On Tue, 29 May 2007, JORDI PALET MARTINEZ wrote:
However, you can *always* turn on IPsec with IPv6, which is not always true for IPv4 (NATs, no end-to-end, etc.).
security is not JUST ipsec, and ipsec is not actually included in all current ipv6 stacks :( (merike has some nice slides on this actually). Security often is related to the applications using the stack, or the stack itself. While I agree that in principle ipv6 with ipsec is nice, I've yet to see it work reliably in the field, and... it's never going to secure your communications with yahoo.com (maybe not 'never' but not for a very long time). So, having a sane discussion about 'security' and ipv6 ends up being: "Hey, you have the same facilities and issues in ipv4, only the stack is newer and slightly less baked, but if you have protections at multiple layers you are on the right track."

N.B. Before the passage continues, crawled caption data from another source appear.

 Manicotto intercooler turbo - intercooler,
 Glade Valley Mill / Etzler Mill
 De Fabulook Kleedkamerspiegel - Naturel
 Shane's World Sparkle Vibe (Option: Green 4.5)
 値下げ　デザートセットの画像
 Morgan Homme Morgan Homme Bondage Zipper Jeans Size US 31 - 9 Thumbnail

Also, port scanning is not "so simple", and while in IPv6 a /24 can be scanned in 5 minutes, a /64 takes 5.3 billion years, and of course, usually you will have a /48.

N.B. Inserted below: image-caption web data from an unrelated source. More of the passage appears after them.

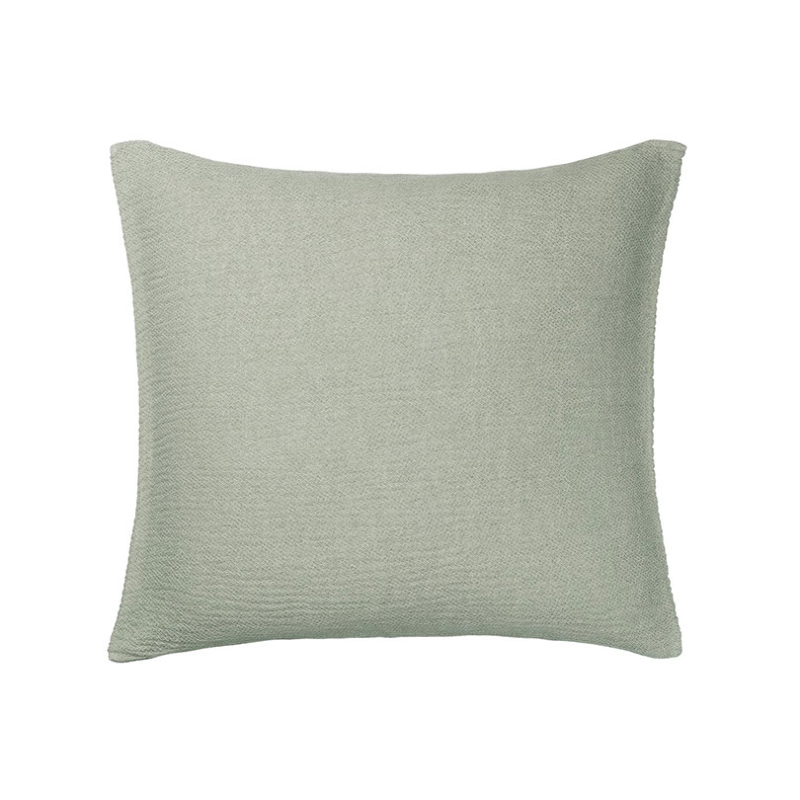 Thyme Cushion Cover, 50cm x 50cm, Green-0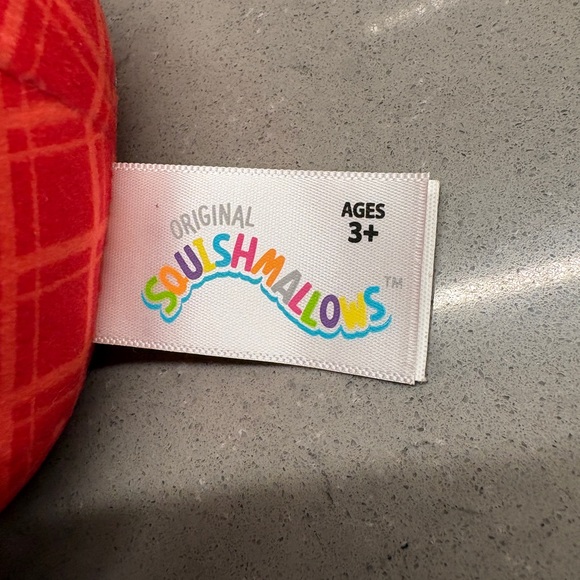 🎃 NWT Squishmallows Winston the Owl Scarecrow 4.5” Plush 🦉 - Picture 5 of 10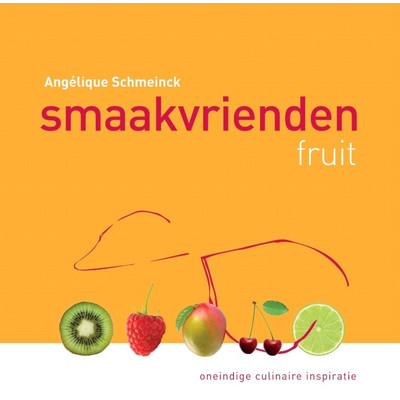 Image of Smaakvrienden, Fruit - Angélique Schmeinck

This assumes a single machine scanning, not a botnet of 1000 or even the 1.5m the dutch gov't collected 2 yrs ago. Again, a sane discussion is in order. Scanning isn't AS EASY, but it certainly is still feasible, especially if you can enumerate the targets with other methods first to cut down on the random other scanning efforts.
So at the time being, it can be considered a bit more difficult to do a brute force DoS. Of course, attackers will try some other means, that's why
what?? I can make packets in v6 just as fast as v4... how is it harder exactly? Given a host connected to gigabit ethernet on a direct native v6 pipe ... packets get made at line-rate... such hosts do exist.